**What is required:**
Everything from the line that contains "Tenda 4 Posti Ferrino Tenere 4" through the final line of the records should be written out exactly, and nothing outside that span.

**Dataset records:**
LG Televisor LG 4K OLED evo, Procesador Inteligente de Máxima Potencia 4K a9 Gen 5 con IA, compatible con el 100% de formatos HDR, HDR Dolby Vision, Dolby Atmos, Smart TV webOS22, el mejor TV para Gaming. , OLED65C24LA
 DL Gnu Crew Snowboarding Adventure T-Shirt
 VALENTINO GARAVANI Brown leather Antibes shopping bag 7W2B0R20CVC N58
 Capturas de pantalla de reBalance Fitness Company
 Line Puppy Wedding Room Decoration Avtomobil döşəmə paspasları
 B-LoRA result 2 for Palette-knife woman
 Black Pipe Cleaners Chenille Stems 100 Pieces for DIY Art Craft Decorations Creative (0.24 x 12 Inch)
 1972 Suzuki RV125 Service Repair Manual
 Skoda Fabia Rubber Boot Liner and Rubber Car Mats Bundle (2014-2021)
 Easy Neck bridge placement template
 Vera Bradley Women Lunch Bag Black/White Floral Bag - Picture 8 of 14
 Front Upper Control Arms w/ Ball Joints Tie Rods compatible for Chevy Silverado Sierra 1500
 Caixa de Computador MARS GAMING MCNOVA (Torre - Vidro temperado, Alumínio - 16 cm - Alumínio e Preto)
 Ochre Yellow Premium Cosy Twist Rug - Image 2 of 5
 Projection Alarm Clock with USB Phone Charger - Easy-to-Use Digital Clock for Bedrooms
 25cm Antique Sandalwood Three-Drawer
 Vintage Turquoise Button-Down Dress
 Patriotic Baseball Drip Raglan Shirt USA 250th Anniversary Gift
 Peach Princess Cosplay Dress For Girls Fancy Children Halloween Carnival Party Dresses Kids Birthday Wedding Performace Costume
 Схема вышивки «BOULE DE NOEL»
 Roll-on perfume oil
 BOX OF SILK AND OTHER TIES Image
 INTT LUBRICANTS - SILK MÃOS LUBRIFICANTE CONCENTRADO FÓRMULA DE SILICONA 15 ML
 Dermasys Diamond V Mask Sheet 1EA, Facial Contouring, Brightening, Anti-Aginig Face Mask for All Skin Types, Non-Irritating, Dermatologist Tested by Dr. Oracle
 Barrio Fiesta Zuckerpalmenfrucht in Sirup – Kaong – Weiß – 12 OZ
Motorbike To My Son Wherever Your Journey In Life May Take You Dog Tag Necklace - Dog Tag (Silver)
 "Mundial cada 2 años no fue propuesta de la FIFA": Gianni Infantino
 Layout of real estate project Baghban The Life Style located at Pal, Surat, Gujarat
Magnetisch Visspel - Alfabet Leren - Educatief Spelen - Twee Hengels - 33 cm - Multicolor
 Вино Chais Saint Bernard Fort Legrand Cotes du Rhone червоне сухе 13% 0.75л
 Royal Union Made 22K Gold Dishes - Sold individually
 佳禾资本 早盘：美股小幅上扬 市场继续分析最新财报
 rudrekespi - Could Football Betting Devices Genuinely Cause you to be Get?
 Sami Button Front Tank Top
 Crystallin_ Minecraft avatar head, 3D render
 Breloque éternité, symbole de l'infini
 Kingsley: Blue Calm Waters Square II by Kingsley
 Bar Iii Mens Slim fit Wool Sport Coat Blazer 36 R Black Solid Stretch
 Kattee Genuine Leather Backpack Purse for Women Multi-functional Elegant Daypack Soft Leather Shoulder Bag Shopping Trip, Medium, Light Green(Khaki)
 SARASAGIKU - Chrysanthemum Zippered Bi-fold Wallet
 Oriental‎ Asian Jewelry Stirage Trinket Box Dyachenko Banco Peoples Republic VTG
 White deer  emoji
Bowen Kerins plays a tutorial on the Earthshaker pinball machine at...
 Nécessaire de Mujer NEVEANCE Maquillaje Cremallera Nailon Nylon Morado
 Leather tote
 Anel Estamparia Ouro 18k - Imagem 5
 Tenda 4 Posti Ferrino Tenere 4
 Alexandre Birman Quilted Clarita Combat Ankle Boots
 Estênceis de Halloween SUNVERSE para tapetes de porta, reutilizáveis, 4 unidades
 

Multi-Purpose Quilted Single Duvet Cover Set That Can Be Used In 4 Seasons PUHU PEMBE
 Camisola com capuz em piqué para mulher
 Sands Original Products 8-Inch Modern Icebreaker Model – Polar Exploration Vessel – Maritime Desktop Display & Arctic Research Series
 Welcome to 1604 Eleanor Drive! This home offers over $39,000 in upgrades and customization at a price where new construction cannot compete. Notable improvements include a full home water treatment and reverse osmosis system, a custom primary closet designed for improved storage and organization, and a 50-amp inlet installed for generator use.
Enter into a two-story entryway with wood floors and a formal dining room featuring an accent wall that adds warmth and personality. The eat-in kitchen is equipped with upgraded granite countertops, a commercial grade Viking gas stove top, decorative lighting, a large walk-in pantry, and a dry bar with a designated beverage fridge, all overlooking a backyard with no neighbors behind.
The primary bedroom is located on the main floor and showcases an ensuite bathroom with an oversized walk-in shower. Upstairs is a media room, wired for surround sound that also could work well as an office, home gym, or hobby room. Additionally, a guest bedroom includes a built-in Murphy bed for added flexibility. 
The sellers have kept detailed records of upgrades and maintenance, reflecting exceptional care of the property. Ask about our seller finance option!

**Answer section:**
 Tenda 4 Posti Ferrino Tenere 4
 Alexandre Birman Quilted Clarita Combat Ankle Boots
 Estênceis de Halloween SUNVERSE para tapetes de porta, reutilizáveis, 4 unidades
 

Multi-Purpose Quilted Single Duvet Cover Set That Can Be Used In 4 Seasons PUHU PEMBE
 Camisola com capuz em piqué para mulher
 Sands Original Products 8-Inch Modern Icebreaker Model – Polar Exploration Vessel – Maritime Desktop Display & Arctic Research Series
 Welcome to 1604 Eleanor Drive! This home offers over $39,000 in upgrades and customization at a price where new construction cannot compete. Notable improvements include a full home water treatment and reverse osmosis system, a custom primary closet designed for improved storage and organization, and a 50-amp inlet installed for generator use.
Enter into a two-story entryway with wood floors and a formal dining room featuring an accent wall that adds warmth and personality. The eat-in kitchen is equipped with upgraded granite countertops, a commercial grade Viking gas stove top, decorative lighting, a large walk-in pantry, and a dry bar with a designated beverage fridge, all overlooking a backyard with no neighbors behind.
The primary bedroom is located on the main floor and showcases an ensuite bathroom with an oversized walk-in shower. Upstairs is a media room, wired for surround sound that also could work well as an office, home gym, or hobby room. Additionally, a guest bedroom includes a built-in Murphy bed for added flexibility. 
The sellers have kept detailed records of upgrades and maintenance, reflecting exceptional care of the property. Ask about our seller finance option!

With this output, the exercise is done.